In the red light district
.
De dag voor Kerstmis heeft zekere Tine Peeters van De Morgen honteuze gevoelens in mij wakker gemaakt. Tot 24 december wist ik van het bestaan van Tine niet af, en eigenlijk weet ik nog niets van haar, behalve dan dat zij die dag een artikeltje begon met een argeloze, alreine, angelieke aanhef: “Het zijn niet altijd de beste vrienden, de pers en de politiek, maar gisteren verbroederden ze samen in het parlement […]”.

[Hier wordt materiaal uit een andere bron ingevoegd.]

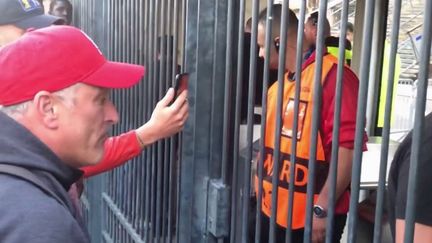 Incidents au Stade de France : un rapport accable l’UEFA et la police française (FRANCE 2)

Na lectuur van deze kerstgedachte meende ik in een eerste opwelling mijn boertige poot op Tines blanke boezem te moeten leggen. Ik weet het, niemand wil er getuige van zijn als kinderlijke onschuld geschonden wordt, maar om met van Ostaijen te spreken, vooruit dan maar zonder supporters!

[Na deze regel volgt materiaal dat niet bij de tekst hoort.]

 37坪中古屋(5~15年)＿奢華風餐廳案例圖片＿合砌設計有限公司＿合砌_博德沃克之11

Of laten wij misschien de beschreven gemoedstoestand eerst in een breder kader plaatsen.
Er is hier al meermaals gesproken over marskramers zoals de bekroonde Vandermeersch van De Standaard, en dan niet omdat die jongen niet kan schrijven – dat weet iedereen – maar wel omdat die man in zijn driekleurig kraam zich te vaak laat bewonderen met te weinig ondergoed aan.
Begrijp mij goed: ik ben voorstander van de legalisering van zijn handel. Het is misschien niet altijd makkelijk om in kwesties als deze rechtlijnig te blijven, maar het blijft mijn vaste overtuiging dat ook iemand als Vandermeersch zijn stiel in treffelijke omstandigheden moet kunnen bedrijven.

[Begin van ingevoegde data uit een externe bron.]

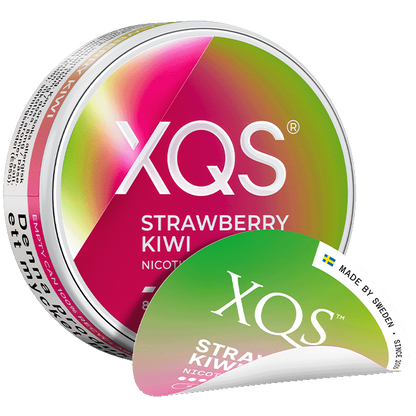 XQS Strawberry Kiwi Slim Strong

Zulke zaken zijn ook niet tegen te houden. Zonder markt zouden er geen marketeers zijn. En wie zijn wij om te oordelen? Wat weten wij hoe zo’n jongen zo ver is gekomen? Voor hetzelfde geld stonden wij op zijn plekje, denk daar eens aan.*
Met Tine ligt het anders. Jong en naïef vertoont ze nog een zekere gêne bij het uitoefenen van het beroep. Sunt denique fines, en zij heeft nog besef van zekere grenzen, ook al zou zij heel zeker een pak meer kunnen verdienen, bijvoorbeeld met het ontvangen van gehandicapten zoals die spraakgebrekkige Landuyt, die met het vettige voorstel op haar afkwam om het eens al rechtstaande te doen:
[…] rond de kerstboodschap van Kamervoorzitter Herman Van Rompuy. Die vroeg een daverend applaus voor "de eveneens vermoeide pers", wat ervoor zorgde dat de het hele halfrond zich klappend naar de perstribunes richtte. Uittredend minister Renaat Landuyt (sp.a) probeerde zelfs even om de journalisten het applaus al staand in ontvangst te doen nemen, maar dat vonden we toch net iets te ver gaan.
Ik trek mijn smerige poot terug, en verwijs Tine naar Payoke.
________________
* Il s'en fallait de peu, mon cher,
Que cett' putain ne fût ta mère,
met de woorden van de onsterfelijke Brassens.